According to the article:
- Trump, demanded that his Trump National Westchester golf course begin heavily charging his son’s foundation for children for the use of facilities that it had previously been allowed to use for free.
“In the early years, they weren’t being billed [for the club]—the bills would just disappear,” says Ian Gillule, who served as membership and marketing director at Trump National Westchester during two stints from 2006 to 2015 and witnessed how Donald Trump reacted to the tournament’s economics. “Mr. Trump had a cow. He flipped. He was like, ‘We’re donating all of this stuff, and there’s no paper trail? No credit?’ And he went nuts. He said, ‘I don’t care if it’s my son or not—everybody gets billed.'”
- The amounts that the Trump Organization billed the Eric Trump Foundation for one-day use of its course and club—in 2015, Eric Trump’s charity paid his father’s business $322,000 for the event—appear to be much higher than what a typical one-day tournament/fundraiser would normally cost. And that’s not even counting the fact that a decent and moral billionaire would not charge anything to an event raising money for desperately ill children.
According to Forbes…
It’s hard to find any explanation for this cost spike (shakedown) other than massive personal greed and gain from a so-called charity for kids.

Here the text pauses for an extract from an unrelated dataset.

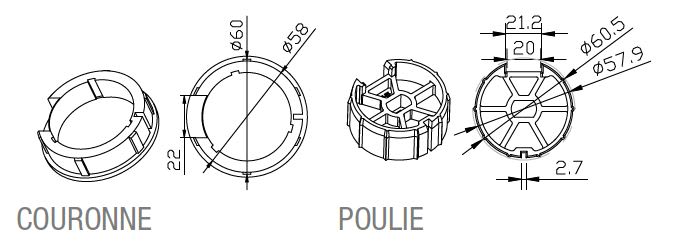 Came - Acc. Divers Mécanique Adaptateur ogive départ 62x0,6mm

Even if the Eric Trump Foundation had to pay the full rate for literally everything, Forbes couldn’t come up with a plausible or innocent path to $322,000 — given the parameters of the annual event (a mere golf outing for about 200 people).
Neither could golf tournament experts or the former head golf professional at Trump National Westchester come up with an innocent explanation.
“If you gave me that much money to run a tournament, I couldn’t imagine what we could do,” says Patrick Langan, who worked at the club from 2006 to 2015. “It certainly wasn’t done that way.”
As Ben Mathis-Lilley notes in Slate: “Indeed, if you paid full freight for each of 200 golfers at Trump’s course (let’s say $300 per person, including caddy tip) and then threw a 400-person dinner event at a cost of $500 per guest (which would be more than double the average per-person cost of a full-on traditional wedding), you’d still need to spend another $60,000 to pay as much as the Eric Trump Foundation paid Eric Trump’s family business to use its golf course in 2015.”
- The Donald J. Trump Foundation—raised money from people who thought they were donating to charity—and appears to have given $100,000 to the Eric Trump Foundation which was then paid to the private, for-profit Trump Organization… and wound up in the pocket of Donald Trump’s private (and frequently bankrupt) “businesses.”
As USA Today notes:
These figures are hard to reconcile with Eric Trump’s claims that the charity is able to use the course for free and that many other expenses are donated. “We get to use our assets 100% free of charge,” the president’s son told Forbes.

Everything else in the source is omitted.